Set down each line of the material that follows, exactly, with no pictures.

COLLECTED MATERIAL Block Start

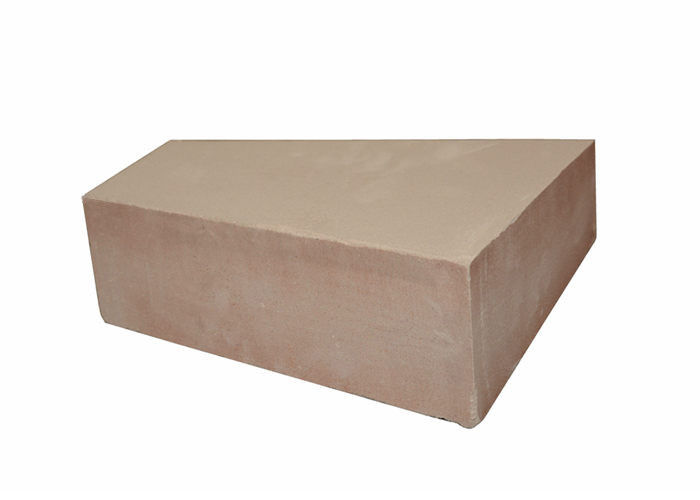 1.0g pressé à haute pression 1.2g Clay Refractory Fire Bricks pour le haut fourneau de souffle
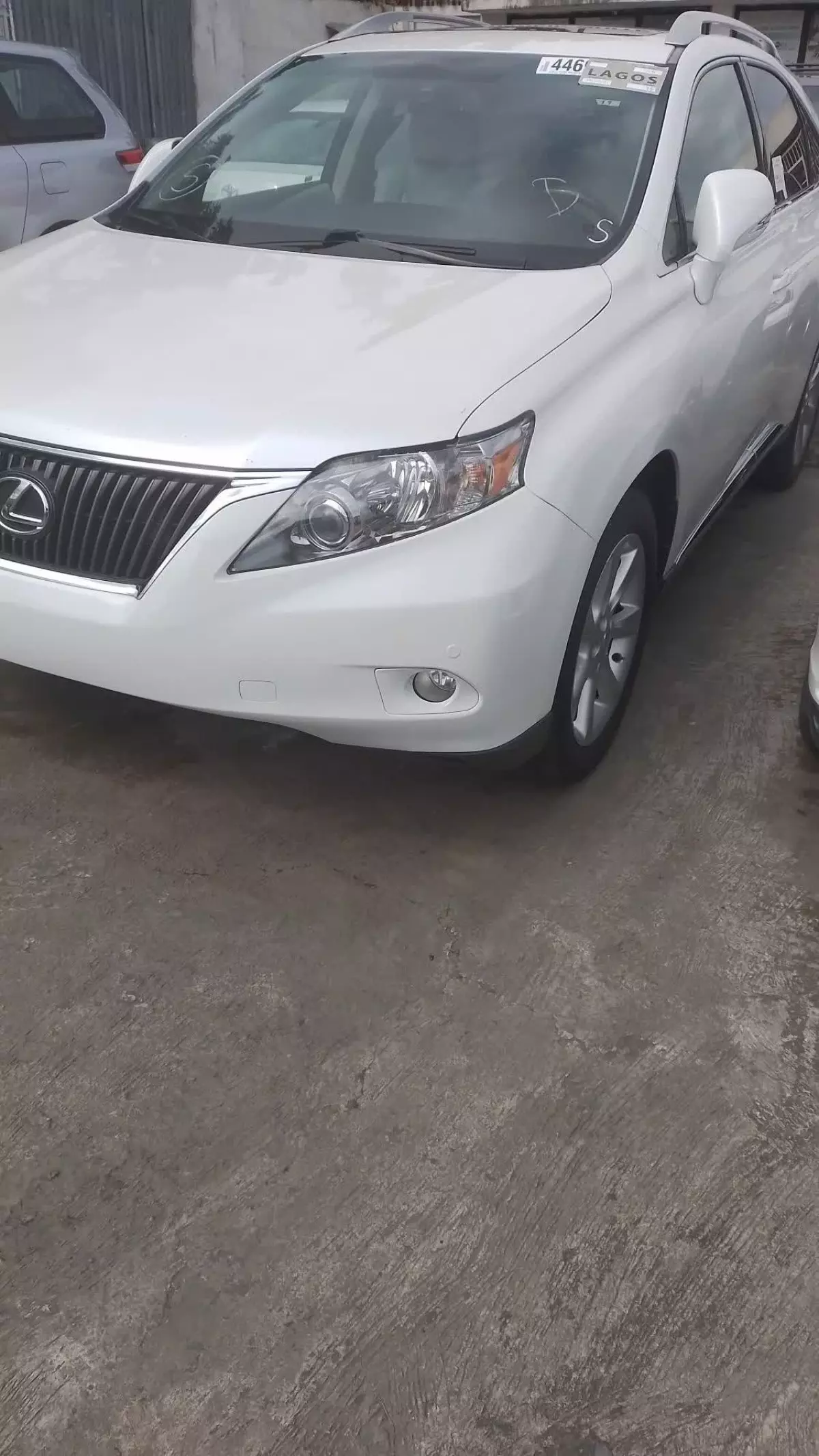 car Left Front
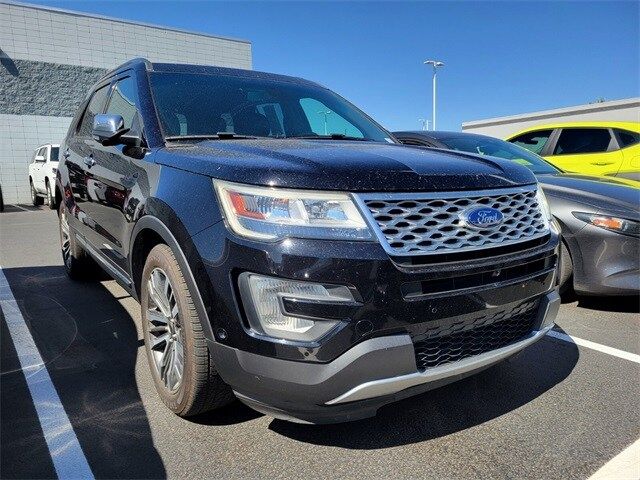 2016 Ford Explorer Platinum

COLLECTED MATERIAL Block End

EXPECTED OUTPUT:
 1.0g pressé à haute pression 1.2g Clay Refractory Fire Bricks pour le haut fourneau de souffle
 car Left Front
 2016 Ford Explorer Platinum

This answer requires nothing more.